You can find instructions for laying out plank in the "articles" section of the forum, so I won't repeat them here. However, if you lay out your planking at stem, stern, and each station (or perhaps every other, or even every three, frames or stations, depending upon hull shape and frame spacing,) You'll see that there's not much plank shaping to be done in the "wide open spaces" amidships.
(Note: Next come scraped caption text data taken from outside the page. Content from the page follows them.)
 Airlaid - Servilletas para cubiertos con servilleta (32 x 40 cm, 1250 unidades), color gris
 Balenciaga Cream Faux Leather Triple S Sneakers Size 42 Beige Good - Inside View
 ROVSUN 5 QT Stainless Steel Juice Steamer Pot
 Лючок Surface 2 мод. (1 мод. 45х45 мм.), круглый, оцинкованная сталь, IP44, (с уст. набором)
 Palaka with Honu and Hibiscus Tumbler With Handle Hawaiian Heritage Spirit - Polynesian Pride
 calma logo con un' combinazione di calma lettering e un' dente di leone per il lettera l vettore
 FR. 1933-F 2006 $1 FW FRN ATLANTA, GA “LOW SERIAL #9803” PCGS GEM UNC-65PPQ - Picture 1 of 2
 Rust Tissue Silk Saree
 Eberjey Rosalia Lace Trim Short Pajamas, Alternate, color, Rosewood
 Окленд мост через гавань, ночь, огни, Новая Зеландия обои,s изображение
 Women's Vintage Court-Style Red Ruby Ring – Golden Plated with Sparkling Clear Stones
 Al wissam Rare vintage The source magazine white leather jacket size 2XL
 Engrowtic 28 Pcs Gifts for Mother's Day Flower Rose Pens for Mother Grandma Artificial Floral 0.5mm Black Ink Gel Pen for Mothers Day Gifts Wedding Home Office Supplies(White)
If you divide the plank end widths equally at the bows, you should get a fair run on your plank seams and not end up trying to bend a "hook" in your plank seams. And sometimes plank width divisions vary, depending upon hull shape. A band of narrower planks at the turn of the bilge and wider planks (called "broads") in runs over "flat" areas is not uncommon. (In the drawing of the period planked hull below, note the "broads" below the turn of the bilge and running up to the stern post.) Planks in real life are gotten out of wider stock than the average plank width at the maximum beam. Plank stock in full size construction is often "flitch cut," meaning that it is cut as a rough slab sawn from the log, leaving the bark attached. These "flitches" are often slightly curved, as the log grew, which permits sawing out the curved plank shape to make best use of the run of the grain and lumber available. Planks are never bent across their width in full size construction, which is pretty much impossible anyway. Sometimes, a plank will be a bit "shy" and the plankers will "edge set" it by wedging it into place against its mate to get a tight seam, but edge-setting is a sign of poor fitting (which introduces strains on fasteners which can then let go) and not considered "best practices." Specifications sometimes go so far as to state, "no plank shall be edge set." When modelling with small stock of a species which will tolerate such bending, considerable stock can be saved by bending scale planks across their width to simulate what would have been a "dear" (costly) plank that in real life would have had to be cut from a very wide flitch, leaving a lot of wasted wood. That's the genius in Chuck Passaro's edge bending technique described in his great videos on the subject. Even with Chuck's method, though, some planks are going to require their own unique shape.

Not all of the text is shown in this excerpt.